DEMI-paradise Productions returns to the Lancaster Castle on Friday and Saturday (October 21-22) with its eighth dramatic telling of other worldly yarns.

This year's annual offering of Ghostly Tales by producer Stephen Tomlin's excellent Demi-paradise company is dedicated to the work of 20th century female writers, read by five of the resident professional outfit's highly experienced actors in low lit rooms around the castle’s historic Shire Hall courts complex.

Writers included are Edith Nesbit (1858-1924), widely acknowledged as one of the first modern writers for children, with such classics as The Railway Children and Five Children and It. But her work as an accomplished author of popular ghost stories is somewhat overlooked. Man Size in Marble (read by Adam Jowett) is a powerful gothic horror set in a country parish.

Elizabeth Bowen (1899-1973) was an air raid warden during the London blitz and later an employee of the Ministry of Information and the complimentary pair of stories we’ve selected are outstanding examples of the ghost story genre finding new forms of expression in wartime. In Pink May (read by Bekah Sloan) a feckless wife is haunted by her own adultery while The Demon Lover (read by Julia Rounthwaite) has a respectable matron pursued by the malevolent spirit of a long lost soldier suitor.
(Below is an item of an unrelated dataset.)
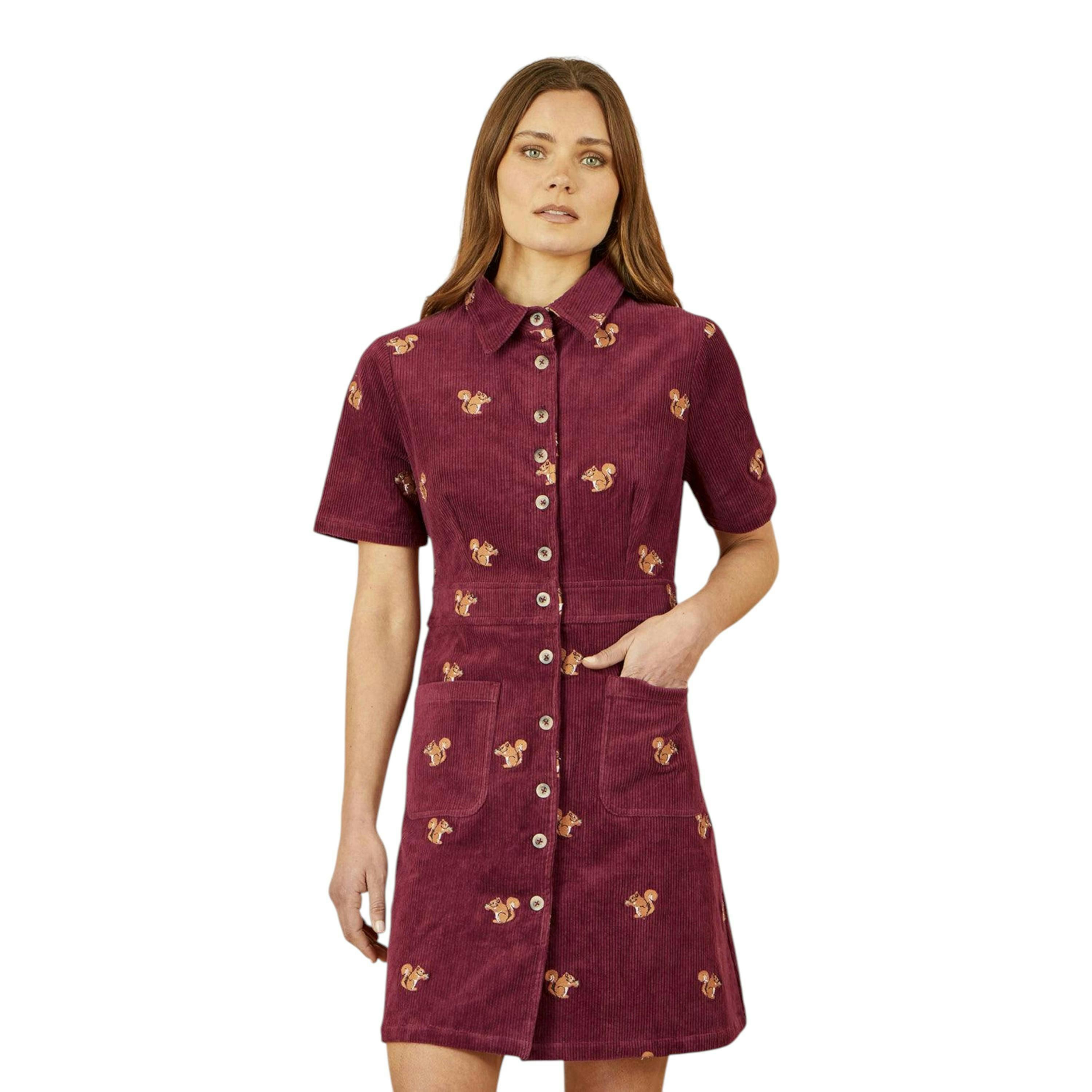 Yumi Burgundy Cord Shirt Dress With All Over Squirrel Embroidery , view 1 of 6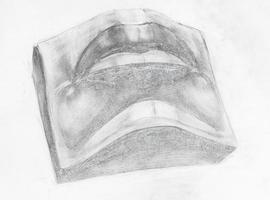 academic drawing - hand-drawn male lips photo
Meanwhile, Elizabeth Jane Howard (1923-2014) is probably best remembered as the author of The Cazalet Chronicles, recently broadcast on BBC Radio 4. Less well known is the role she played as the first secretary of the Inland Waterways Association, collaborating with then lover and co-founder of the IWA, Robert Aickmann, the doyen of British supernatural fiction. Out of that creatively productive relationship came Three Miles Up, which will be read by Stephen Tomlin.

Finally, Lancastrian, Jeanette Winterson (born 1959), a prolific and wide ranging novelist, commentator and critic, whose work spans more than four decades. Dark Christmas, read by Penny McDonald) is a fast paced and gripping narrative, set in a deserted country house on the Cumbrian coast.

Performances start at 7.30pm.

Tickets are available from the castle's visitor centre/box office, open 9.30am-5pm, or by telephone on 01524-64998.